More and more pupils are choosing to study Moving Image Arts since it became available in the last number of years and, due to the popularity among young people already mad on movies and television, more schools are deciding to offer it as a very real qualification.
Available in many local post-primary schools, including Malone College, Methody and Rathmore Grammar since it was first introduced seven years ago at A-Level, the subject – more than just a “film studies” course - is now a firm GSCE favourite too, with up to 60 per cent of the overall grade down to practical filmmaking.
Northern Irish exam board CCEA were the first to offer a digital filmmaking course anywhere in Britain and the North after teaming up with NI Screen.
For today’s YouTube generation, most of whom take powerful video cameras on phones for granted, the movie-making side of the course allows them to put to work skills many have already honed as a hobby.
In December two Malone College pupils scooped prizes at Derry’s Foyle Film Festival for their short movies, including an animation, which impressed judges who praised their creativity and directional skills.
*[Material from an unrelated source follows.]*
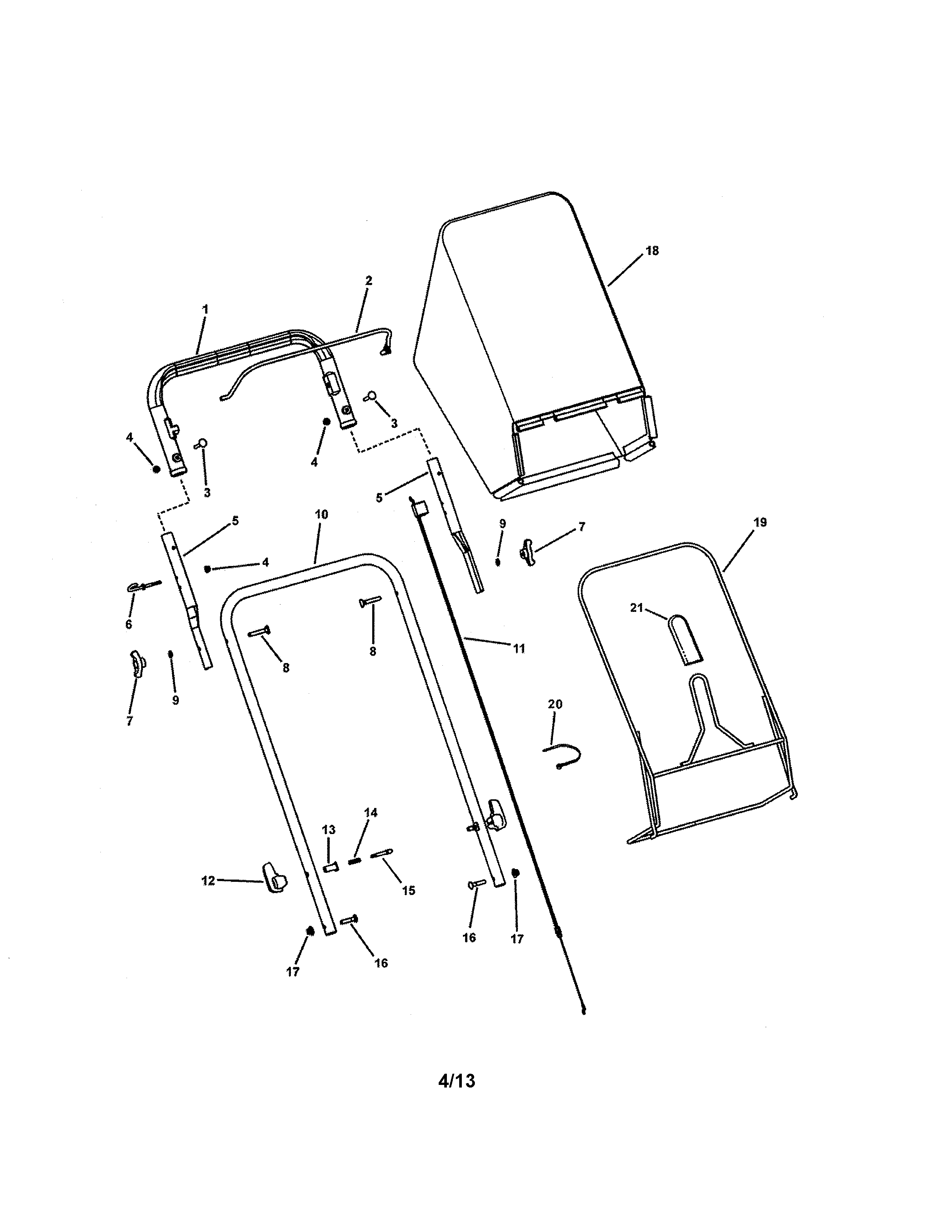 Snapper 7800418 handles & controls (push) diagram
“Right now, Northern Ireland and Belfast seems to be one of the most active locations for filmmaking.”
Their proud teacher Patrick Cassidy, who teaches Moving Image Arts at the South Belfast integrated school, has described how the popularity of the course is growing with each passing term with pupils producing exceptional pass rates.
“ When we first offered the A-Level six years ago, only six pupils took it up, and now we teach over 55 of them,” he explained.
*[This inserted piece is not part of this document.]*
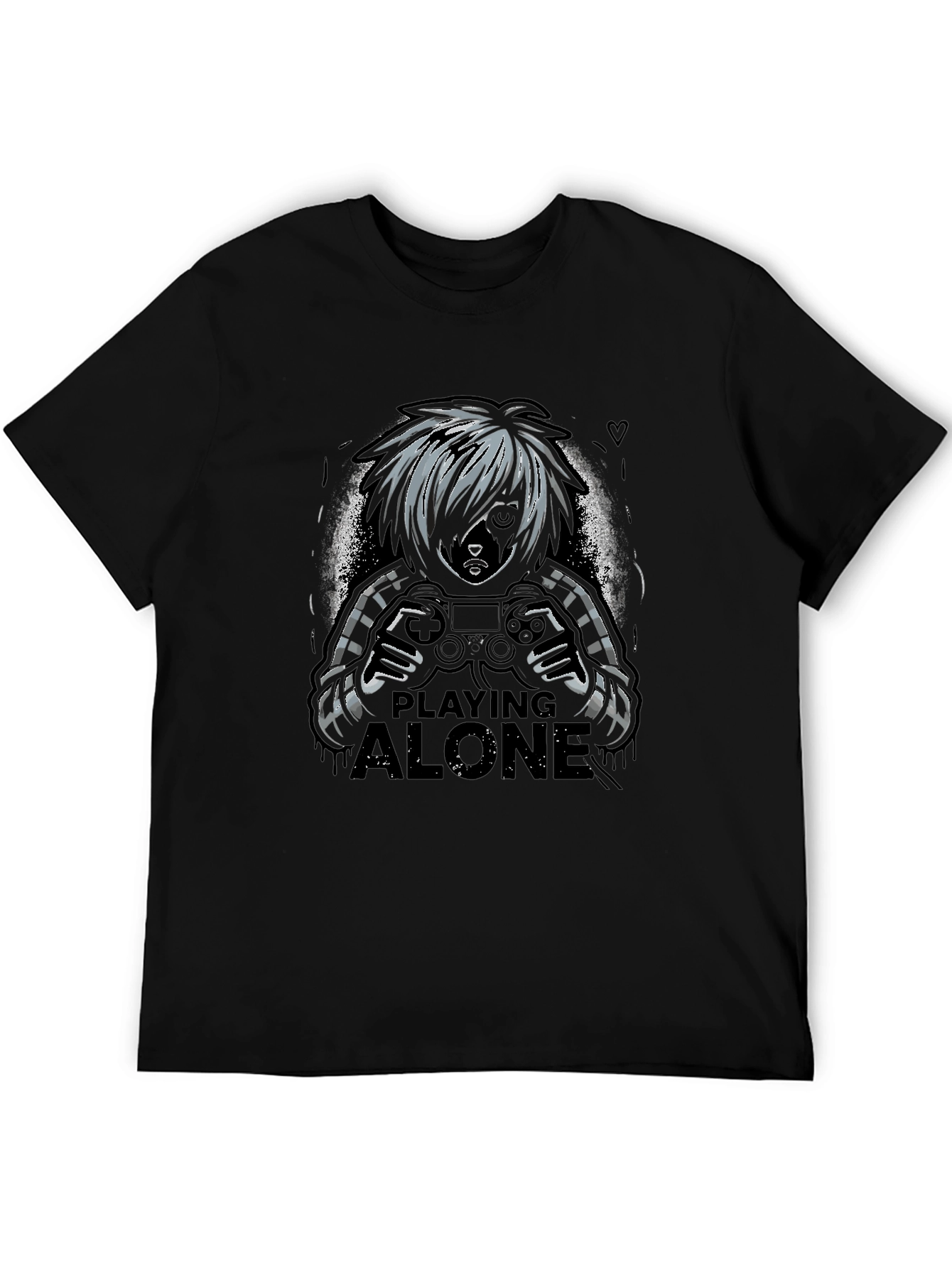 Gamer Playing Alone Black T-Shirt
“Last year was the first time we offered it at GCSE level. In that the students are required to create a one minute animation, and a one minute horror film each, inspired by genre names including John Carpenter. They also learn about genre through the study of three films: ‘Bride of Frankenstein’, Wallace and Gromit: A Close Shave’ and Baz Luhrmann’s ‘Romeo and Juliet’.
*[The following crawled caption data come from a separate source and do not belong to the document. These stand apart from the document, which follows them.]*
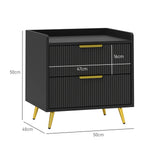 HOMCOM Elegant Two-Drawer Bedside Table Set of 2 - Black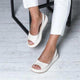Alena | Women's Peep Toe Flatform Slide Sandals Wide Strap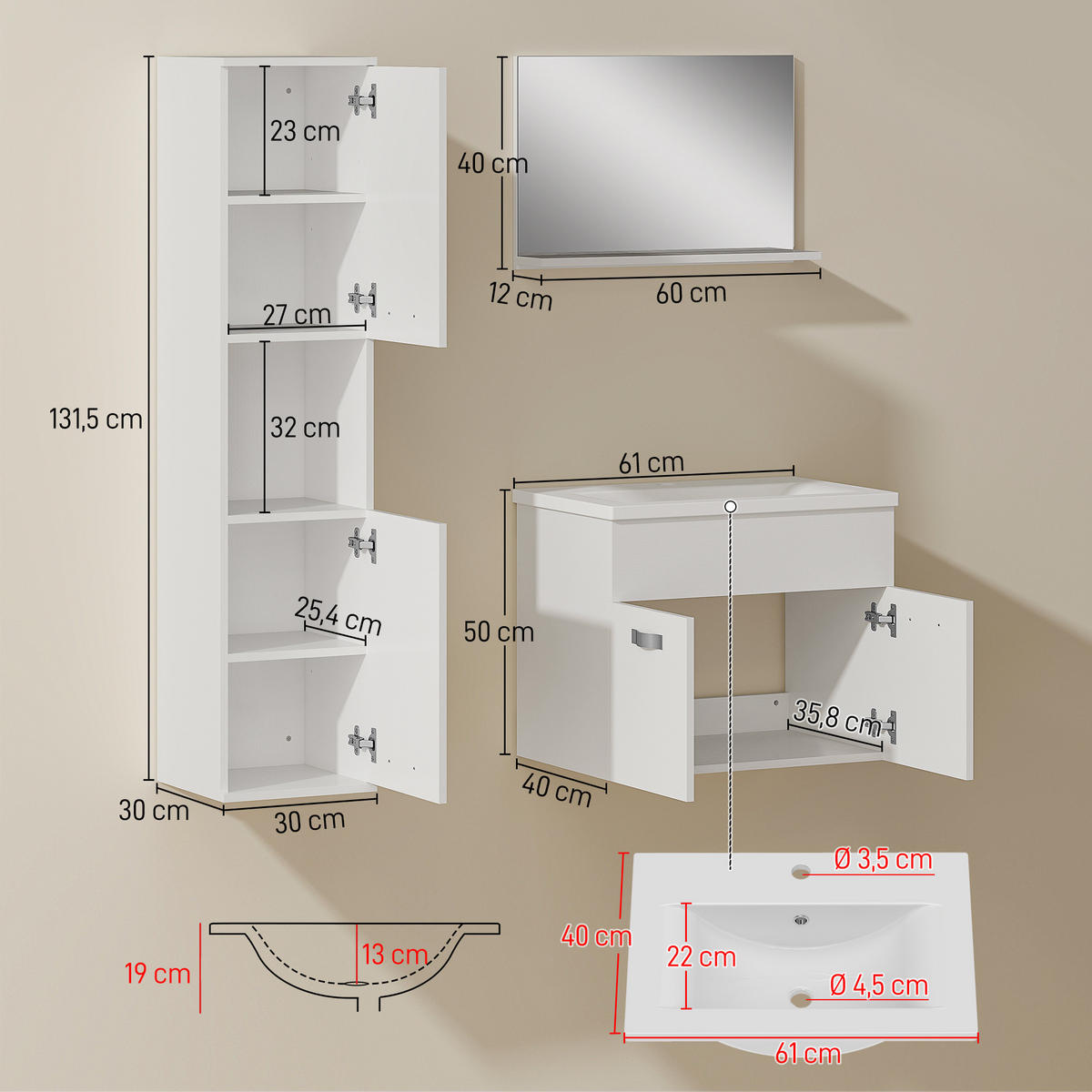 BADEZIMMER 4-teilig DE-17357 Weiß - Weiß, Holzwerkstoff (30/131.5/30cm) - ComfortXL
“This Baz Luhrmann movie is a perfect way to explain to students about how some filmmakers blend styles to create a unique film. For example, it’s beginning is basically shot in the style of a spaghetti western, before exploring other genres such as crime and romance.”
The school has invested heavily in the subject, purchasing a host of new equipment for pupils to make their own mini-masterpieces including a state-of-the-art HD camera and powerful MacBooks which the pupils can borrow to edit their movies at home.
“In our first GCSE year the pass mark was 80 per cent while our latest A-Level marks were 100 per cent pass rate, with half of all marks being an A.
“As well as the practical side of movie making, our older pupils doing the AS level study the likes of German Expressionism and Film Noir, and it gets a bit deeper at full A-Level as we dissect more European cinema styles like Italian Realism and French New Wave.
“I’m very proud to say that several of our past A-Level students have gone on to pursue this as a possible career and are doing Film Studies and practical filmmaking at further education level.”
However, according to Mr Cassidy, who started his teaching career in the subjects of ICT and history before being offered the opportunity to teach Moving Image Art, pupils don’t have to go too far when seeking a career in film or television. Indeed, studios are already flocking to the north of Ireland, which NI Screen is promoting as “the most compact 5,196 square miles of back lot in the world”.
“Right now, Northern Ireland and Belfast seems to be one of the most active locations for filmmaking,” he added.
“Look at what’s happening with HBO’s ‘Game of Thrones’ and the wide range of films and television shows shot and edited in and around us in recent years. It’s a great time to be emerging into this industry and hopefully some of our pupils will be able to be a part of that in the future.”